Entropy quantifies the amount of uncertainty or randomness in a dataset; how mixed the classes are within the node.

The formula for entropy for a given dataset is denoted:

E(D) = -\sum_{i=1}^{C}p_i\log_2(p_i)

where:

E(D): The entropy of the dataset D,
D: The dataset (or a subset of data at a particular node),
C: The number of unique classes in the dataset, and
p_i: The proportion of samples belonging to class i.

Entropy ranges from zero (perfect purity) to log2(C) (perfect impurity where the samples in the node are evenly distributed among the classes).

High Entropy = High Uncertainty = Lots of "surprise" potential. For instance, flipping a fair coin has 50:50 chance of heads or tails. You don't know if it's heads or tails.
Low Entropy = Low Uncertainty = Little to no "surprise" potential. For instance, picking a yellow ball from a bag with full of yellow balls. You know what you'll get. 100%.

If an algorithm uses Entropy, it aims to maximize Information Gain, which means maximizing the reduction in entropy from the parent node to the child nodes.

▫ The Information Gain

Information gain quantifies a feature's effectiveness within a tree structure, indicating its usefulness in separating data into distinct classes.
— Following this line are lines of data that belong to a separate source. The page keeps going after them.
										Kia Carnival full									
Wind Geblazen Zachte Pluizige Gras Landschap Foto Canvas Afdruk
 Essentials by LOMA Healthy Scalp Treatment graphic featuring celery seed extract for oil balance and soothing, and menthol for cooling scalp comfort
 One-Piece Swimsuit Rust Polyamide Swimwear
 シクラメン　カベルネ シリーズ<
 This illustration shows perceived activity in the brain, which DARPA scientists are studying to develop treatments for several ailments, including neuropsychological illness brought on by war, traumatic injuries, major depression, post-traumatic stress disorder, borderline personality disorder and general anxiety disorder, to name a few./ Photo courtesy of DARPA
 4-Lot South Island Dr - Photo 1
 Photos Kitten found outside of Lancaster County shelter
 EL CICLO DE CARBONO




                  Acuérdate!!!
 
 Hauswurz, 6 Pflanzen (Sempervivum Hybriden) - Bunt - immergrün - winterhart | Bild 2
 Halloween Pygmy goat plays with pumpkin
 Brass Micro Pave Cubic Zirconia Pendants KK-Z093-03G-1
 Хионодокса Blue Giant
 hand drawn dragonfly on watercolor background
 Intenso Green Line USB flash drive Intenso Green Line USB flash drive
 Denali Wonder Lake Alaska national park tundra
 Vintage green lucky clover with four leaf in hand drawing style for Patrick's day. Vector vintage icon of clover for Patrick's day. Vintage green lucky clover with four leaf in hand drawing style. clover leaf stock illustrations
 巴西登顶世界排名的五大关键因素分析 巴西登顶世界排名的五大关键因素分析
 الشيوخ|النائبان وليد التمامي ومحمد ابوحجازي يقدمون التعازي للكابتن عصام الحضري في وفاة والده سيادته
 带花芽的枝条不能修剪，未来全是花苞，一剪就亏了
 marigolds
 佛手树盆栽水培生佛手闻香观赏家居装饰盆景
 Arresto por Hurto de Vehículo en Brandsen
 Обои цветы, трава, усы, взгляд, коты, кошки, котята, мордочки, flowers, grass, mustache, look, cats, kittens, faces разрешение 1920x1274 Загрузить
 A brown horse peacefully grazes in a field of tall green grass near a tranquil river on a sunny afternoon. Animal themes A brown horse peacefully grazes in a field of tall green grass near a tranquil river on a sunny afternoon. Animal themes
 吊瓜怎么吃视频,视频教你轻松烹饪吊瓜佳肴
This usefulness is defined by how much a data split reduces impurity during classification.

Mathematically, Information Gain quantifies the reduction in entropy from a parent node to its child nodes with respect to a given feature (A):

IG(D,A)=E(D) −\sum_{v \in A} \underbrace{\frac{​∣D_v∣}{∣D​∣}​}_{\text{weighted ave.}} E(D_v​)

where:

IG(D, A): Information Gain of dataset S when split by feature A,
E(D): Entropy of the dataset S before the split,
E(D_v): Entropy of data D_v (child nodes),
A: All possible values of feature A,
∣Dv∣: The number of instances in subset D_v (where feature A has value v), and
∣D∣: Total number of instances in dataset D.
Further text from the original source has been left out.